Content starts

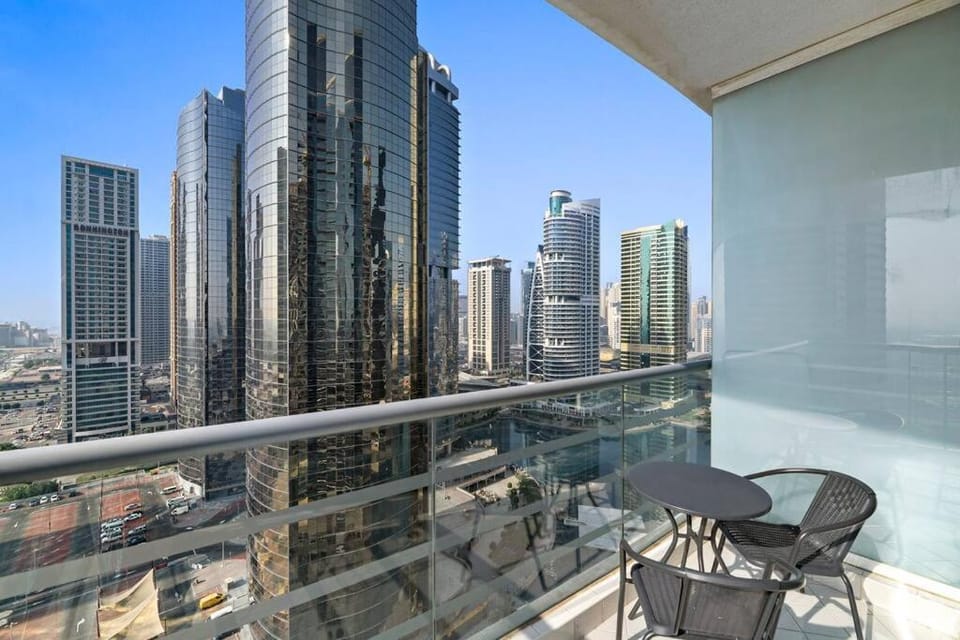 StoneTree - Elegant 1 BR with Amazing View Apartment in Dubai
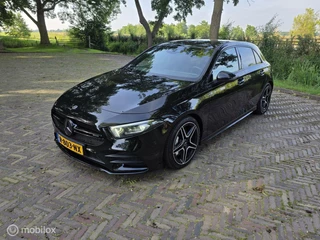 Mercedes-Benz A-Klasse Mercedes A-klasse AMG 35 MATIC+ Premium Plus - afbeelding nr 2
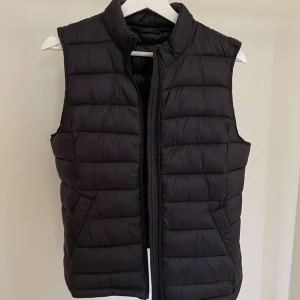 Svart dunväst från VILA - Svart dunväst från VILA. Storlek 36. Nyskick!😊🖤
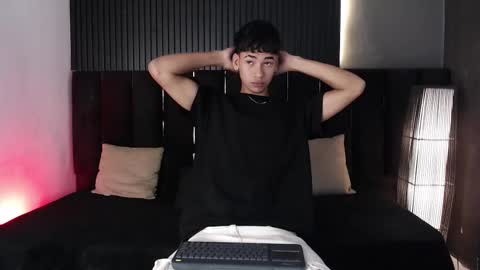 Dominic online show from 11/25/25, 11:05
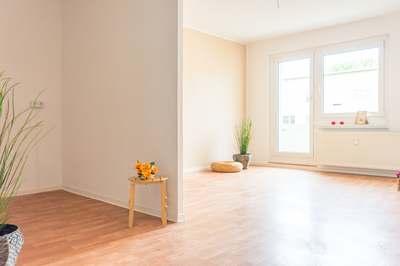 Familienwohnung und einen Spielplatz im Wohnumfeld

Content ends

Please restate each entry exactly, but drop any picture it holds.

 StoneTree - Elegant 1 BR with Amazing View Apartment in Dubai
 Mercedes-Benz A-Klasse Mercedes A-klasse AMG 35 MATIC+ Premium Plus - afbeelding nr 2
 Svart dunväst från VILA - Svart dunväst från VILA. Storlek 36. Nyskick!😊🖤
 Dominic online show from 11/25/25, 11:05
 Familienwohnung und einen Spielplatz im Wohnumfeld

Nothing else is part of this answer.